* Task prompt
Without any pictures, print the lines below from the one that has "Hello and welcome" through the one that has "The datastore name", exactly and nothing else.

::: Records for the exercise :::

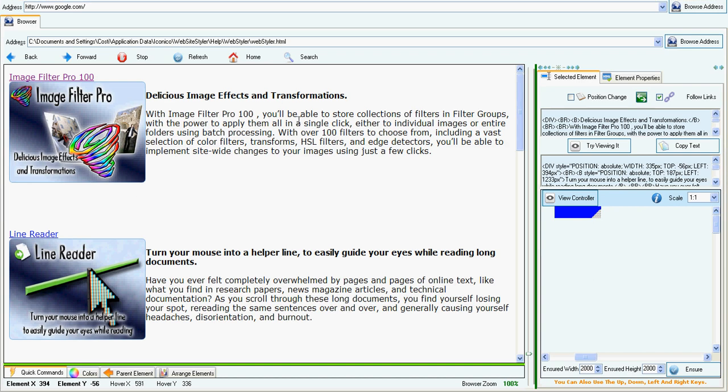Hi, I want to present Website Styler, which is a new application from Iconico. This application allows you to change the look and feel of any web page on the internet.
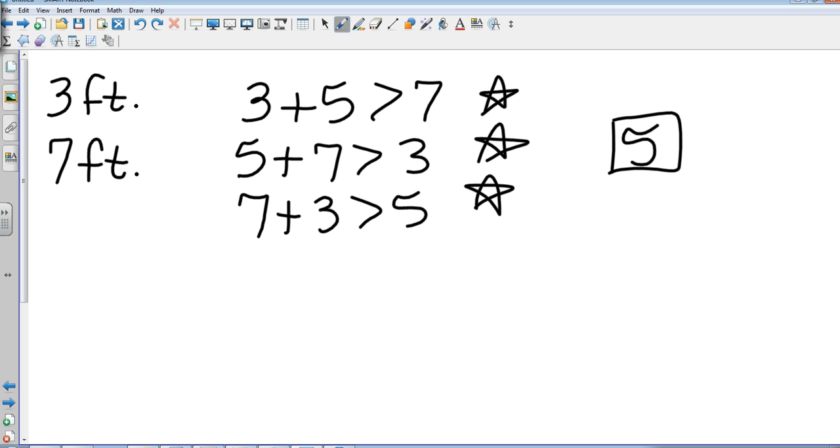Okay, that's pretty short. That is Geometry 5-5: the Triangle Inequality.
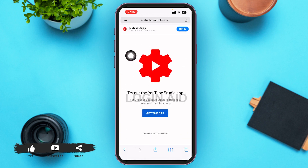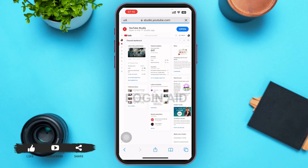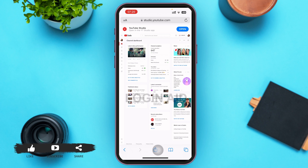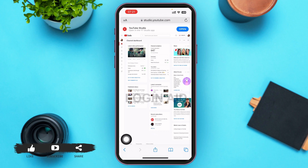After you do that, you will be redirected to a page something like this. At the bottom, there is an option that says 'Continue to Studio' — go ahead and tap on it. After you tap on it, you'll be redirected to your YouTube Studio website version.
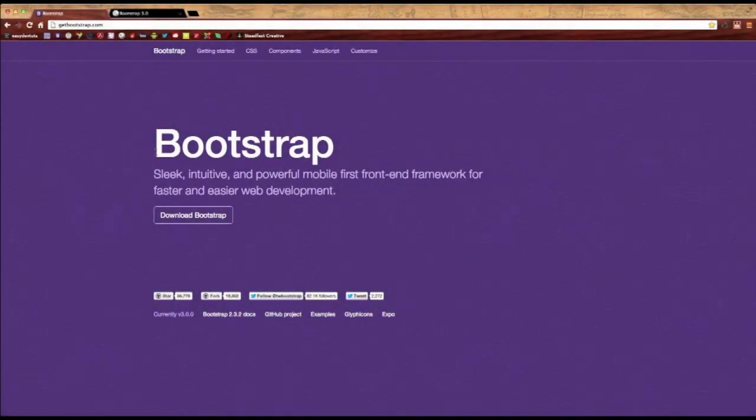Hello and welcome to my Bootstrap tutorial. In this video I want to talk about the Bootstrap grid system. If you don't know what Bootstrap is, it's a front-end framework for web development and it's designed to be mobile first.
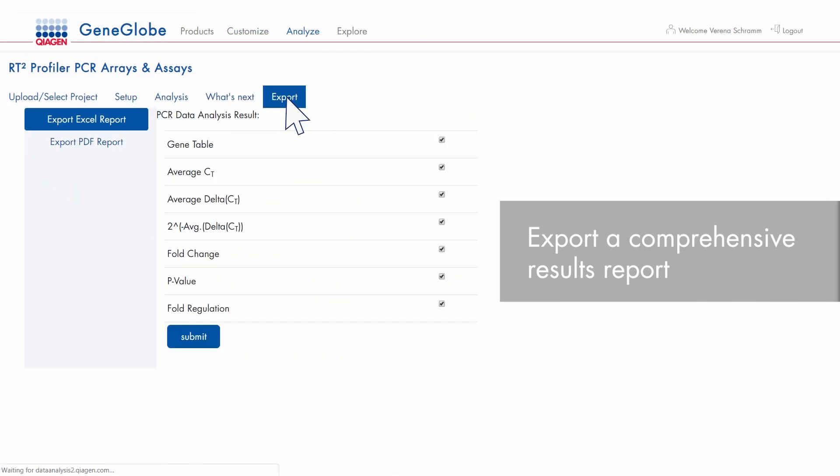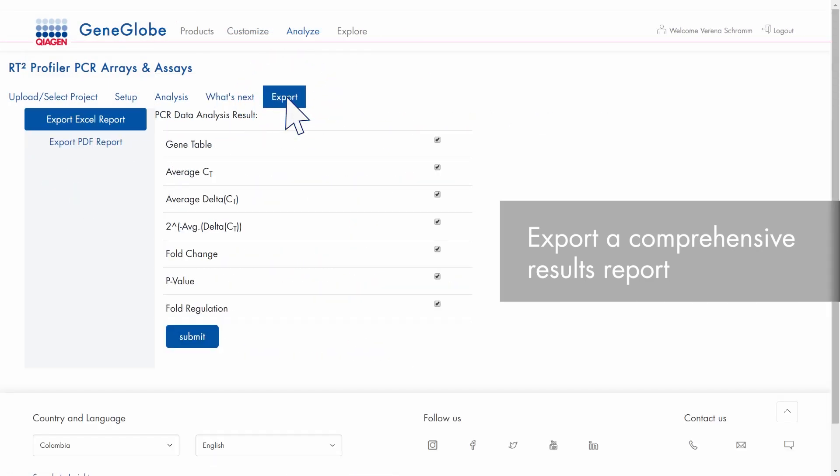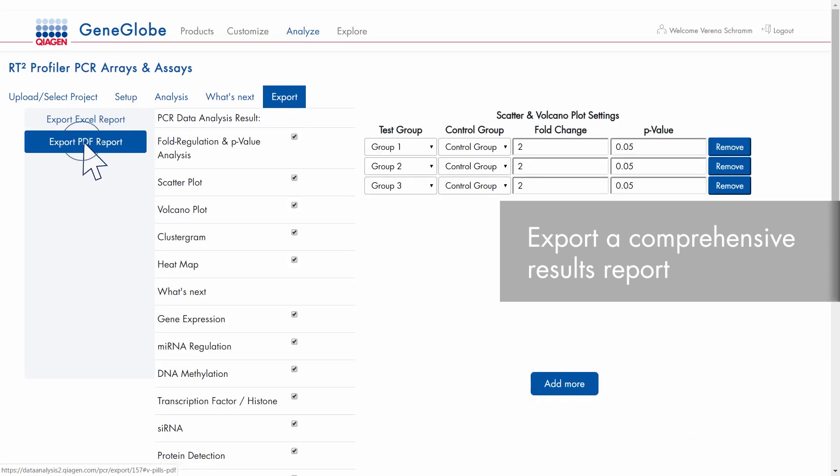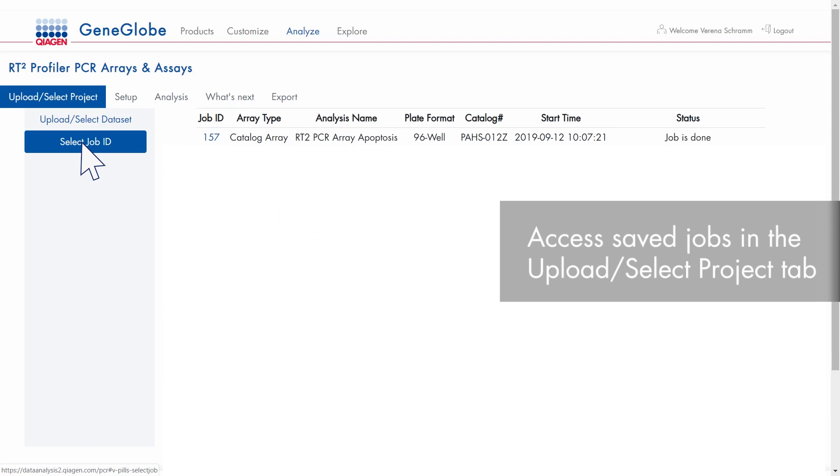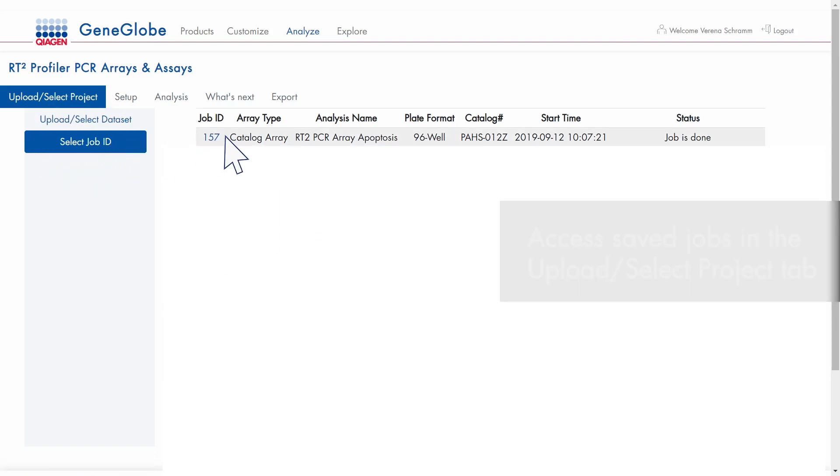When you are finished with your analysis, you can export a comprehensive results report. Your analysis jobs are saved in the Upload Select Project tab and can be re-analyzed again if needed.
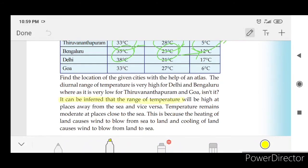It can be inferred that the range of temperature will be high at places away from the sea, and vice versa. Temperature remains moderate at places close to the sea. This is because the heating of land causes wind to blow from the sea to land, and cooling of land causes wind to blow from land to the sea.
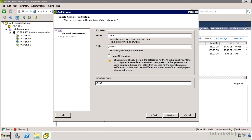The datastore name doesn't matter all that much, but if we're using a clustered set of servers that will all have access to this NFS share, we'll probably want to name them consistently — especially if we're going to host virtual machines off them rather than just using NFS storage for templates, ISOs, or similar purposes.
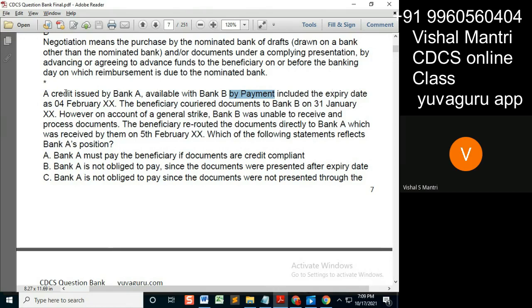Now, expiry date is of what — credit LC. Whenever we read this sentence, in exams also, as we go on reading the sentence, we must click those points in the mind.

:::

* Task solution
Hello and welcome to my Bootstrap tutorial. In this video I want to talk about the Bootstrap grid system. If you don't know what Bootstrap is, it's a front-end framework for web development and it's designed to be mobile first.
When you are finished with your analysis, you can export a comprehensive results report. Your analysis jobs are saved in the Upload Select Project tab and can be re-analyzed again if needed.
It can be inferred that the range of temperature will be high at places away from the sea, and vice versa. Temperature remains moderate at places close to the sea. This is because the heating of land causes wind to blow from the sea to land, and cooling of land causes wind to blow from land to the sea.
The datastore name doesn't matter all that much, but if we're using a clustered set of servers that will all have access to this NFS share, we'll probably want to name them consistently — especially if we're going to host virtual machines off them rather than just using NFS storage for templates, ISOs, or similar purposes.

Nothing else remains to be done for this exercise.